En revanche, il n’y a pas de Grand Prix France…

C’est une grande déception parce que la France est un véritable berceau d’automobiles et de sport automobile. Elle mériterait évidemment d’avoir une épreuve. Il y a une envie d’un retour de cette épreuve. Le timing, pour l’instant, n’est pas le bon avec les Jeux olympiques qui vont vampiriser toute l’attention politique, financière, médiatique, dans les mois qui viennent. Mais en coulisses, ça travaille et on a de bonnes raisons d’espérer un retour à moyen terme d’un Grand Prix de France au calendrier.

Sous quelle forme ?

Il existe plusieurs projets. Il a été évoqué un projet dans la ville de Nice et dans la périphérie directe de la ville de Nice. Il existe évidemment toujours les infrastructures très spectaculaires du circuit Paul Ricard.

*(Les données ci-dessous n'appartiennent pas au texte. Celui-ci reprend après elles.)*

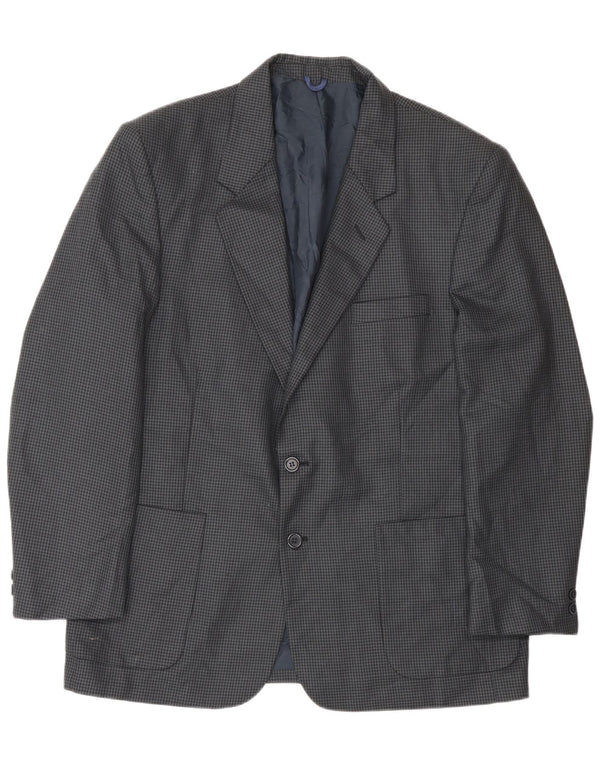 Farah Herren-Blazer mit 2 Knöpfen, UK 40, große marineblaue Hahnentritt-Wolle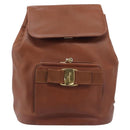 Salvatore Ferragamo Vala Backpack Leather Brown Gold Auth bs37669-2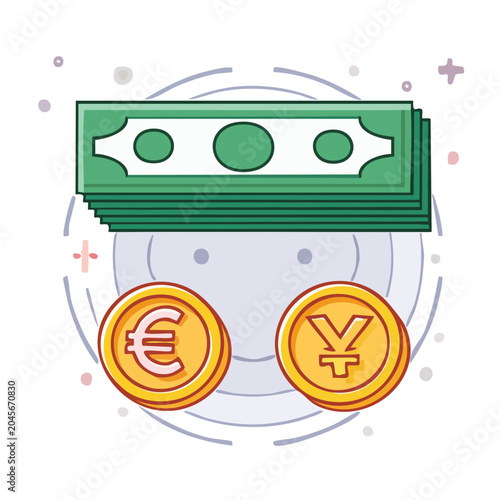 Money and coins with euro and yen symbols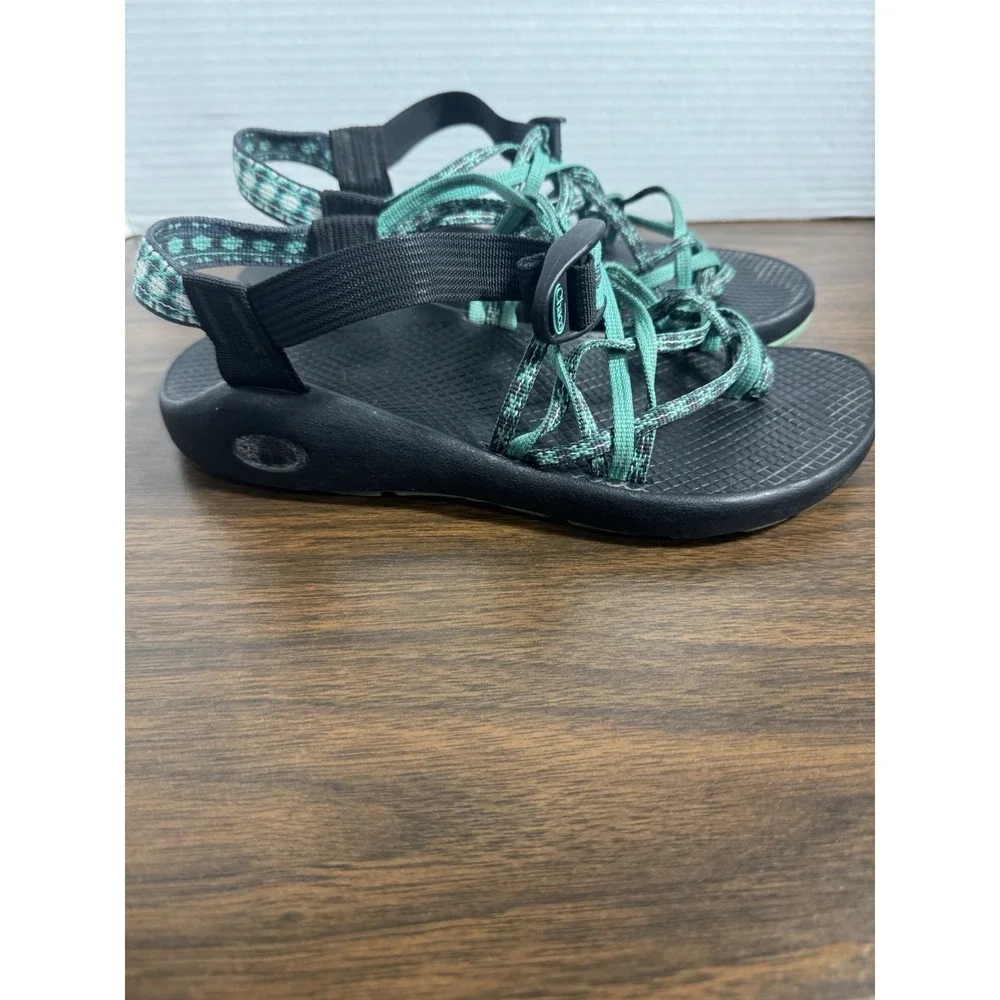 Chaco ZX3 Classic Sport Sandals Womens 8 Green Black Strappy Outdoor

Donc ce ne sont pas les possibilités qui manquent. Mais, il faut avant toute chose une volonté étatique parce que le financement et le soutien financier d’un Grand Prix de Formule 1 passe d’abord par une volonté de l’État. Et le président de la République a manifesté cette volonté une première fois il n’y a pas si longtemps.